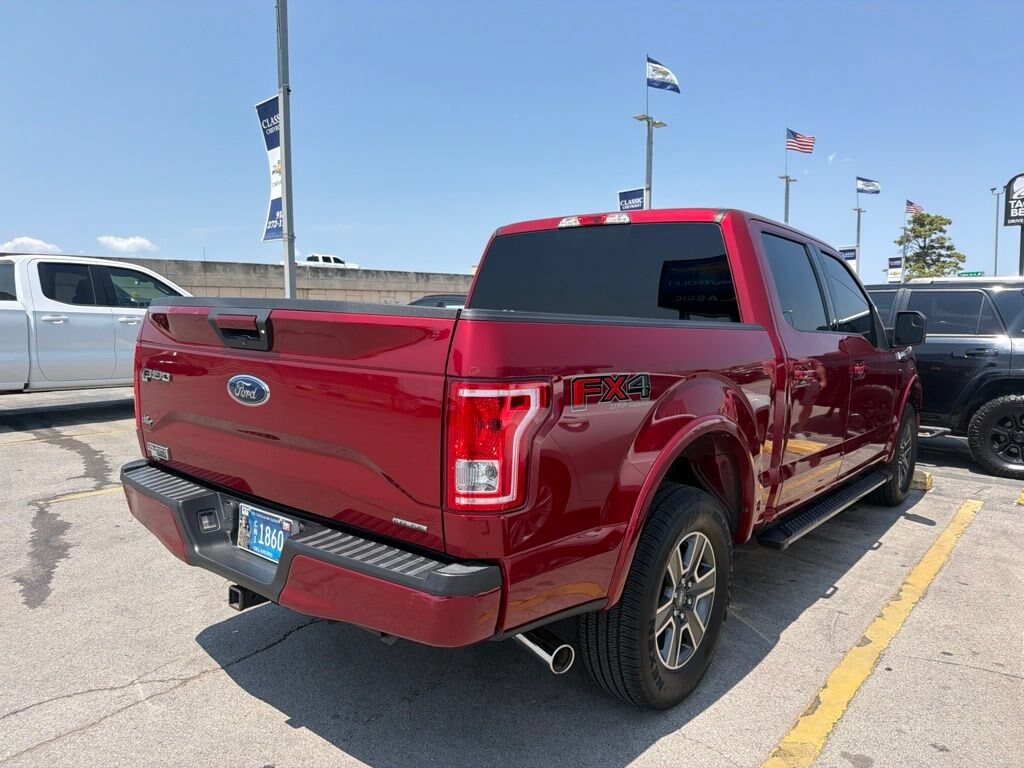Used 2016 Ford F-150 XLT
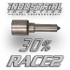  Industrial Injection - 30% over RACE2 Performance Nozzle - 04.5-05 GM Duramax LLY 0433171860-R2 
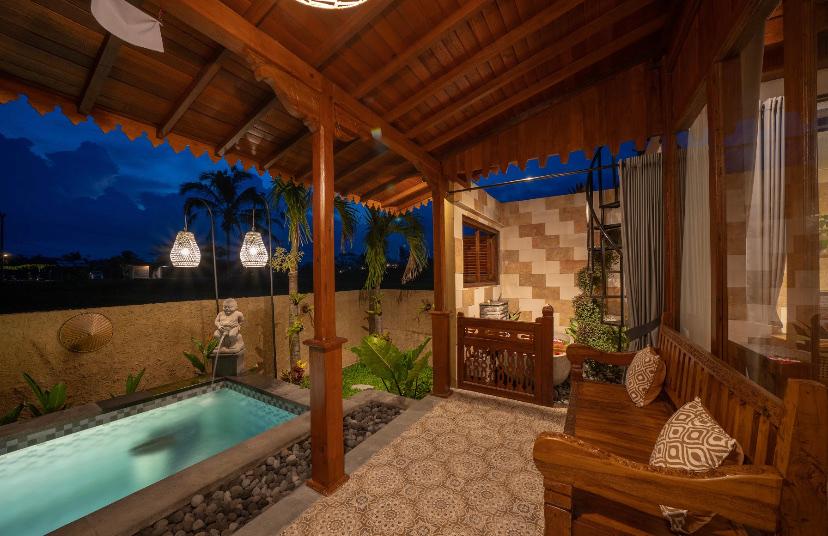 Cover Image for Barong Bali Resort Ubud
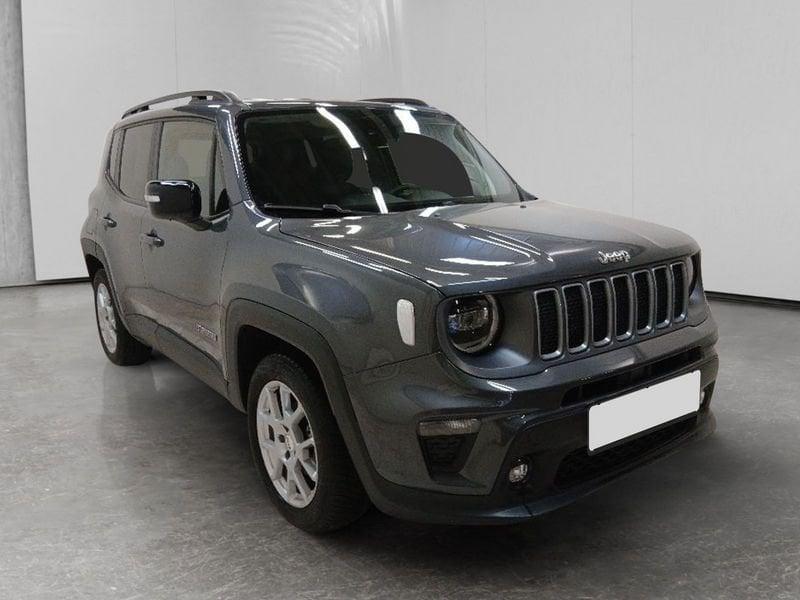 Jeep Renegade 1.6 mjt Limited 2wd 130cv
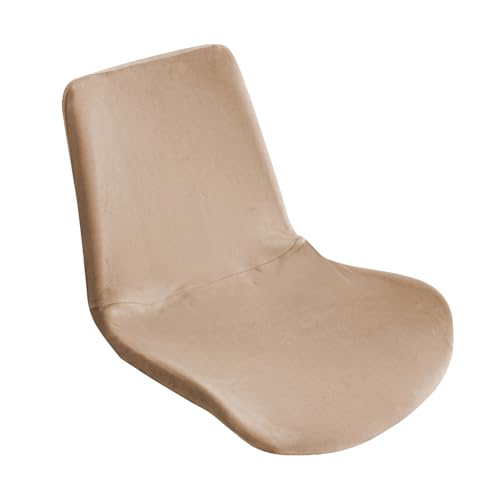 bephible Langlebiger Stuhlbezug, schmutzabweisend, langlebig, pflegeleicht, abnehmbar und waschbar. Schützen Sie Stühle mit diesem modernen Stuhlbezug Kaffee von bephible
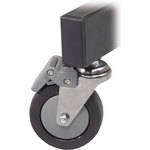 Balt E-Z Casters for Smart One Cluster Workstations, Model 65410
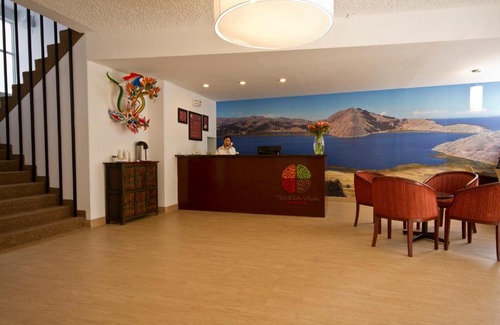 Lake Titicaca - Puno Hotel | Tierra Viva Puno Plaza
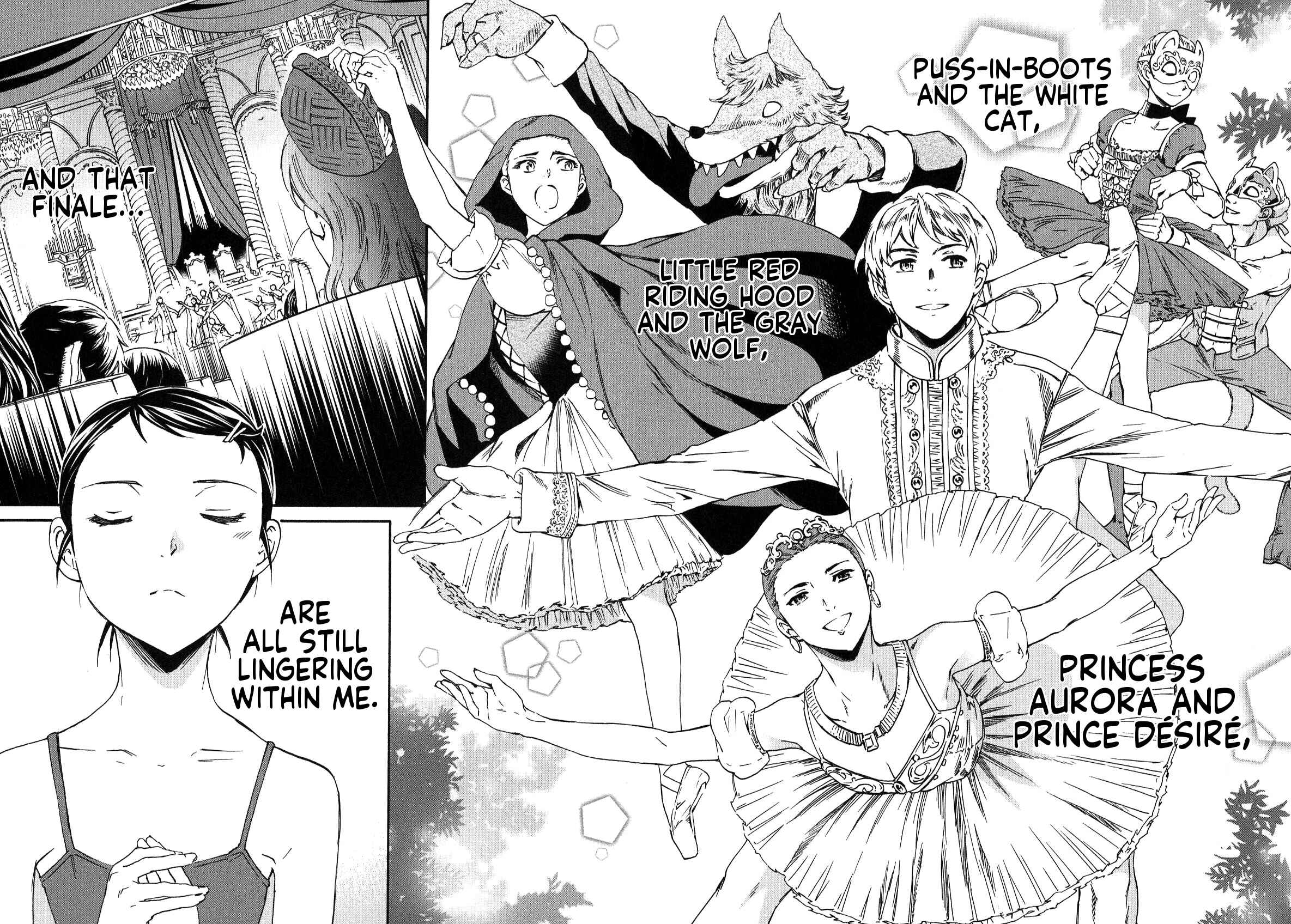 Page 8 Chapter 24 Kenrantaru Grande Scène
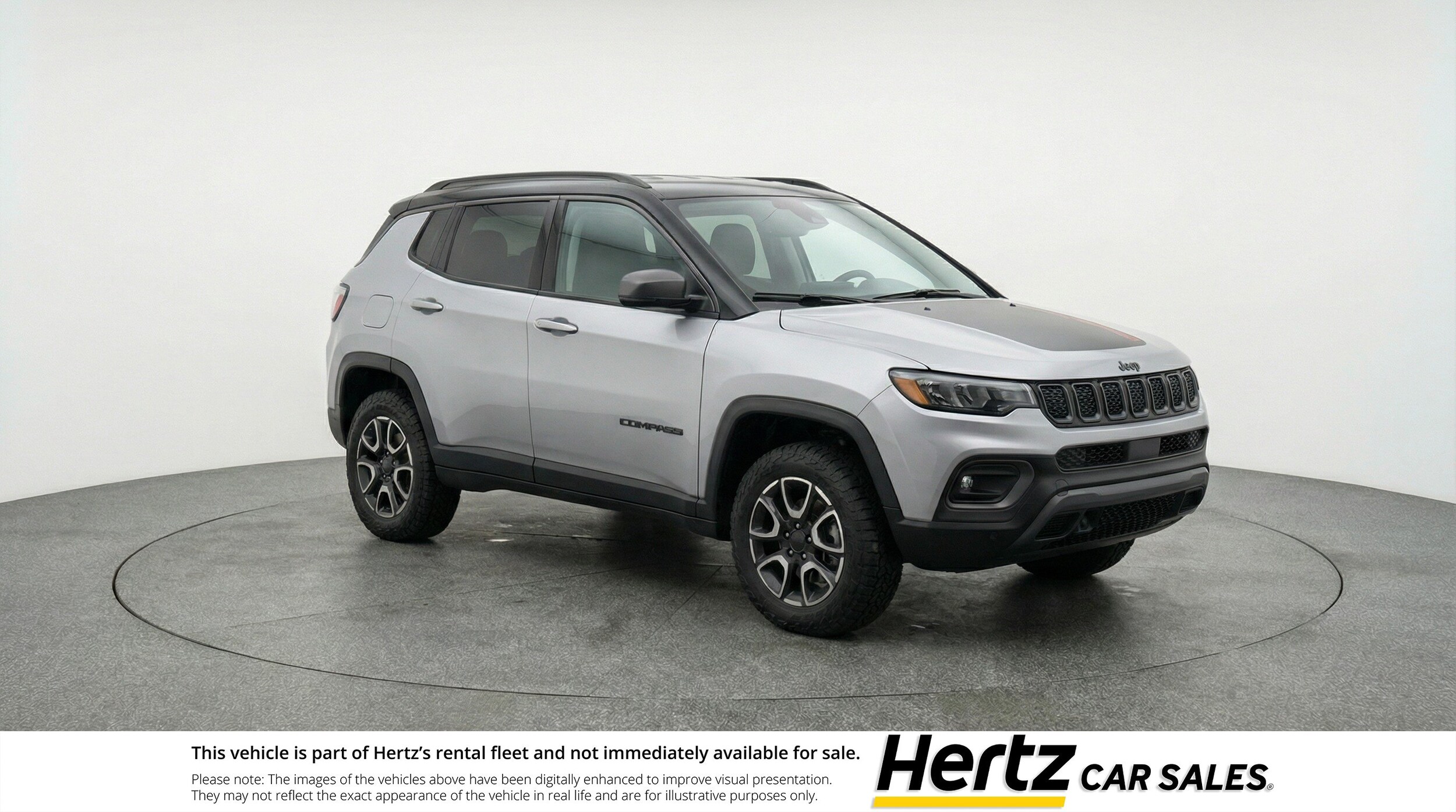 Thumbnail: 2025 Jeep Compass - 1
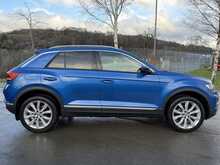 Volkswagen T-Roc TSI EVO SEL 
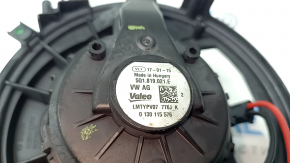 Audi A3 8V 15-20V Heater Fan Motor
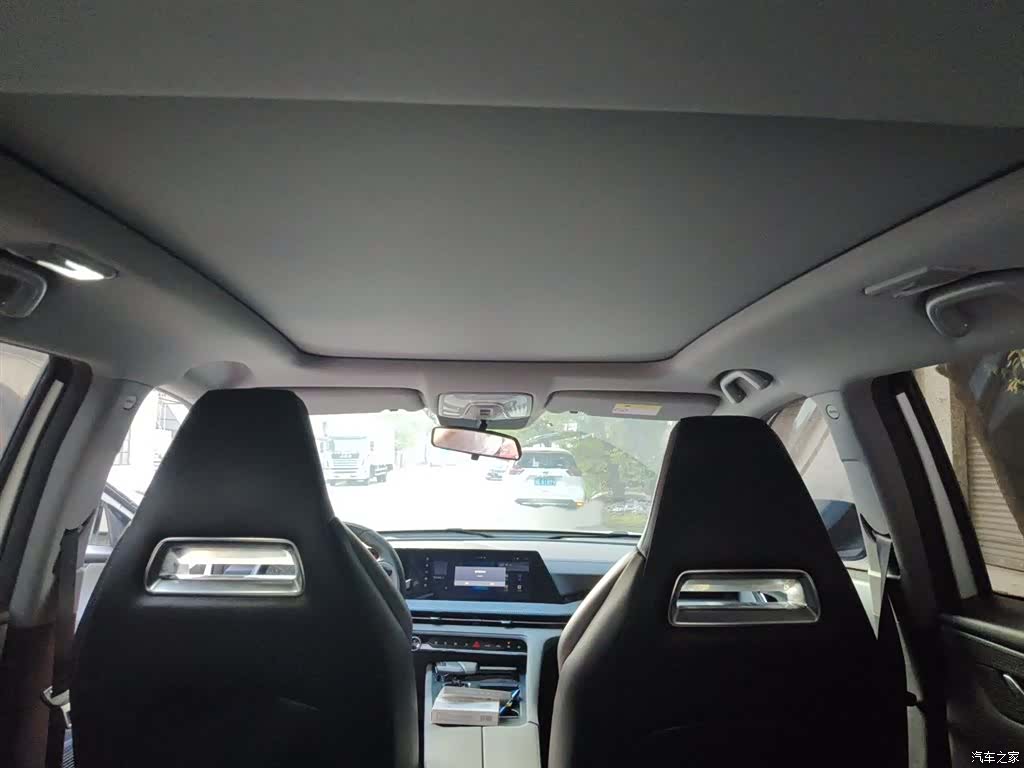 Changan CS75, 2022 9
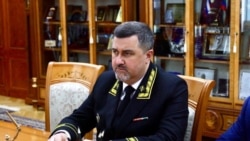 Федор Щукин. Фото: объединенная пресс-служба судов общей юрисдикции Дагестана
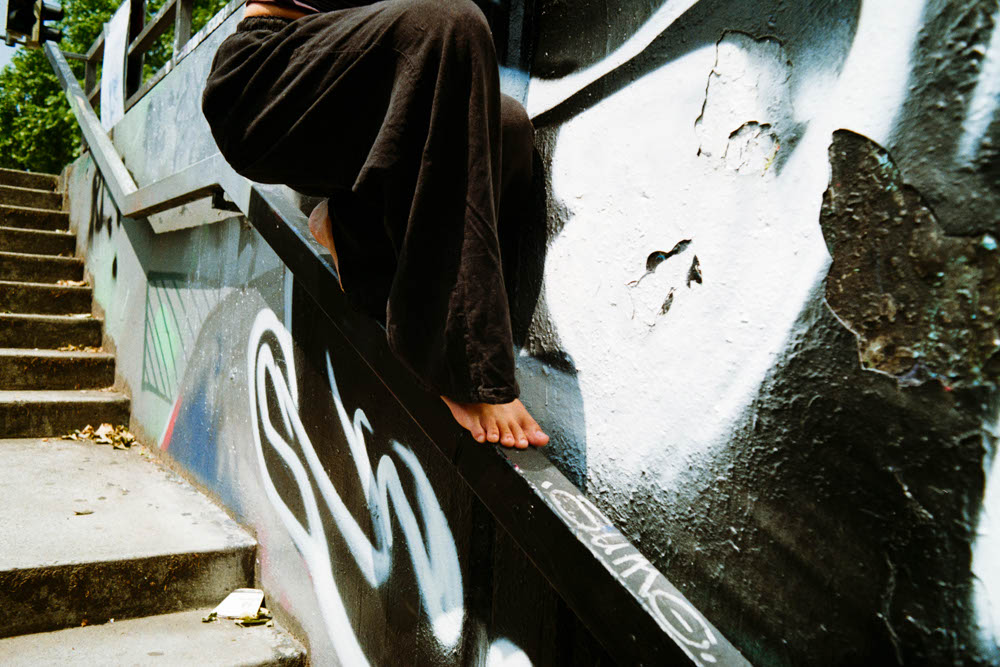 Photographic and Artistic Work by Leon Eichelbaum (Archive) – b856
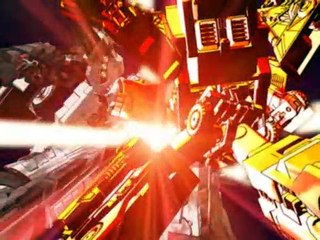Transformers Cybertron Dub E51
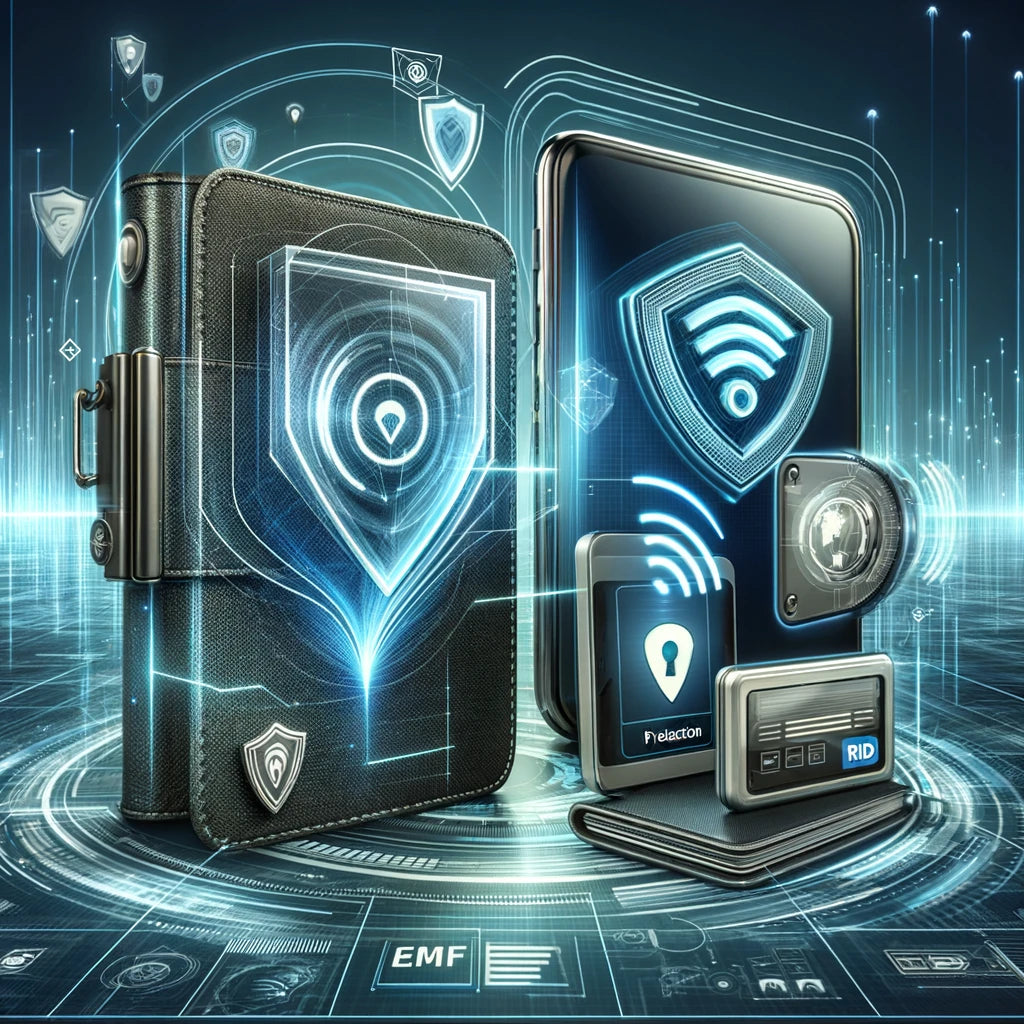 The Future of Personal and Data Security: EMF Protection and RFID Technology in 2023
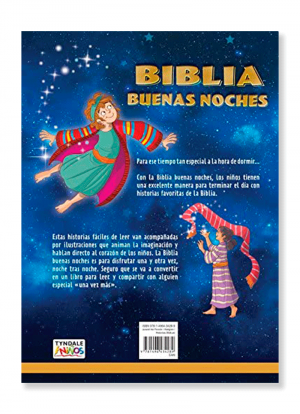 Biblia Buenas Noches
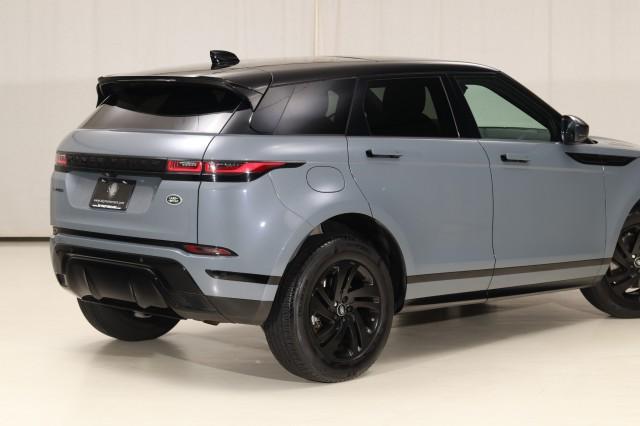 used 2022 Land Rover Range Rover Evoque car, priced at $33,980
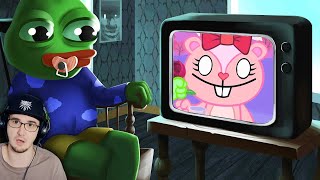 видео: ПОЧЕМУ ДЕТЯМ НУЖНО СМОТРЕТЬ ХОРРОРЫ ? ► Мистери Форс MysteryForce | Реакция картинка: ПОЧЕМУ ДЕТЯМ НУЖНО СМОТРЕТЬ ХОРРОРЫ ? ► Мистери Форс MysteryForce | Реакция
────────────────────────────────────────
Work required: Output the lines, exactly: the first line of the entries above, every line after it, and the line with "Changan CS75, 2022 9" as the last. No pictures.

Solution to this problem:
Used 2016 Ford F-150 XLT
  Industrial Injection - 30% over RACE2 Performance Nozzle - 04.5-05 GM Duramax LLY 0433171860-R2 
 Cover Image for Barong Bali Resort Ubud
 Jeep Renegade 1.6 mjt Limited 2wd 130cv
 bephible Langlebiger Stuhlbezug, schmutzabweisend, langlebig, pflegeleicht, abnehmbar und waschbar. Schützen Sie Stühle mit diesem modernen Stuhlbezug Kaffee von bephible
 Balt E-Z Casters for Smart One Cluster Workstations, Model 65410
 Lake Titicaca - Puno Hotel | Tierra Viva Puno Plaza
 Page 8 Chapter 24 Kenrantaru Grande Scène
 Thumbnail: 2025 Jeep Compass - 1
 Volkswagen T-Roc TSI EVO SEL 
 Audi A3 8V 15-20V Heater Fan Motor
 Changan CS75, 2022 9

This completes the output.